SpecBridge Adapter Weights (MSGYM / MSnLib / Spectraverse)

This repository contains the SpecBridge adapter checkpoints introduced in the paper SpecBridge: Bridging Mass Spectrometry and Molecular Representations via Cross-Modal Alignment.

Each checkpoint is trained for spectra → molecule retrieval by aligning a DreaMS-conditioned spectrum representation to a frozen molecular embedding space (ChemBERTa), as described in the paper.

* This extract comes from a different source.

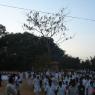 DSC00033_CMP_WM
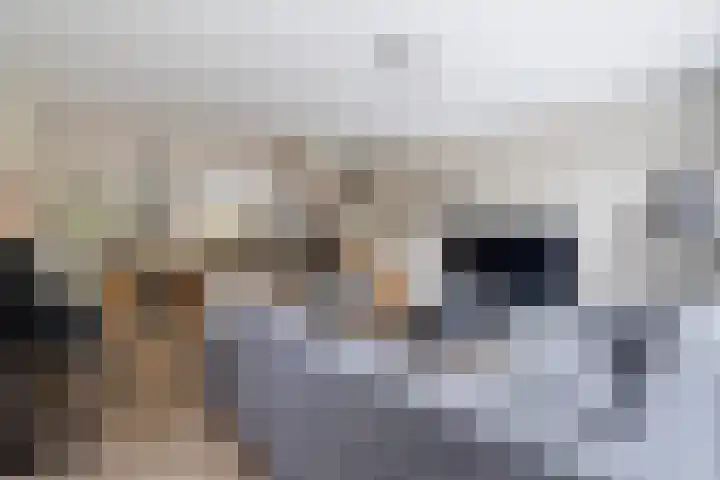 Nassaulaan 28 Zoeterwoude thumbnail 33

Code: https://github.com/HassounLab/SpecBridge


Files in this repo

Dataset Checkpoint filename
MassSpecGym (MSGYM) SpecBridge_MSGYM_checkpoint.pt
MSnLib SpecBridge_MSnLib_checkpoint.pt
Spectraverse SpecBridge_Spectraverse_checkpoint.pt

Download & load weights

Python (Hugging Face Hub)

from huggingface_hub import hf_hub_download
import torch

repo_id = "YinkaiW/SpecBridge"

ckpt_path = hf_hub_download(
    repo_id=repo_id,
    filename="SpecBridge_MSGYM_checkpoint.pt",
)

state = torch.load(ckpt_path, map_location="cpu")
print(type(state))

These checkpoints are intended to be used with the SpecBridge codebase (training/evaluation scripts) and a DreaMS SSL checkpoint.


Citation

If you use these weights, please cite:

@misc{wang2026specbridge,
  title         = {SpecBridge: Bridging Mass Spectrometry and Molecular Representations via Cross-Modal Alignment},
  author        = {Yinkai Wang and Yan Zhou Chen and Xiaohui Chen and Li-Ping Liu and Soha Hassoun},
  year          = {2026},
  eprint        = {2601.17204},
  archivePrefix = {arXiv},
  primaryClass  = {cs.LG},
  doi           = {10.48550/arXiv.2601.17204},
  url           = {https://arxiv.org/abs/2601.17204}
}